If 'Homecoming' Doesn't Convince You Of Beyonce's Greatness, Nothing Will

By Chris Richards
Viva
"Homecoming" is a new concert film written, narrated, directed and produced by a pop auteur at the peak of her abilities. Photo / Getty Images

Hey, remember that time Beyoncé compressed the meaning of her art into a single costume change? It came right off the rip at her nonstop Coachella performance last April - with a single snare drum announcing her arrival, she sashayed toward the stage dressed like a 22nd-century Nefertiti, radiating a majesty that was not of this world.

Then, minutes later, she was sporting cutoffs and a smile, bouncing her way through "Crazy in Love," standing alongside the rest of us in reality, helping us envision a world more extraordinary than the one we've inherited.

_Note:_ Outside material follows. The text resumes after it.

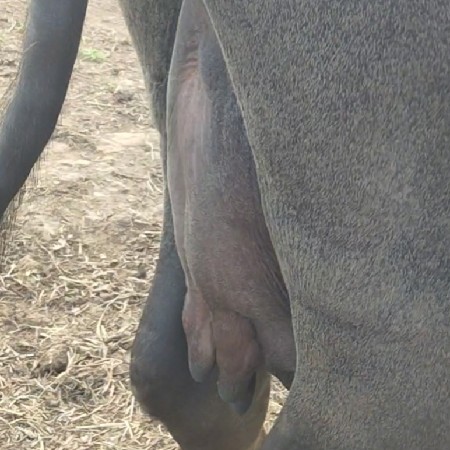 ખળેલી વેચવાની છે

So that covers the first eight minutes of "Homecoming," a new concert film written, narrated, directed and produced by a pop auteur at the peak of her abilities. If you have a Netflix password and two more hours to spare, you're in for one of the greatest concert films ever made.

And yeah, when we plunge Beyoncé into a fog of digital hyperbole, we threaten to strip her excellence of meaning, so let's go to the tapes. Because up on that Coachella stage, she's pure momentum, toggling between imagination and reality in a way that feels like relentless forward motion.

At her Coachella headlining performance, Beyonce "sashayed toward the stage dressed like a 22nd-century Nefertiti, radiating a majesty that was not of this world." Photo / Getty Images
At her Coachella headlining performance, Beyonce "sashayed toward the stage dressed like a 22nd-century Nefertiti, radiating a majesty that was not of this world." Photo / Getty Images

Thankfully, "Homecoming" freezes all of that mystery-movement into celluloid for the ages, capturing one of the absolute best at her absolute best. If the citizens of tomorrow need to convince their kiddos of Beyoncé's greatness, they'll point back to this.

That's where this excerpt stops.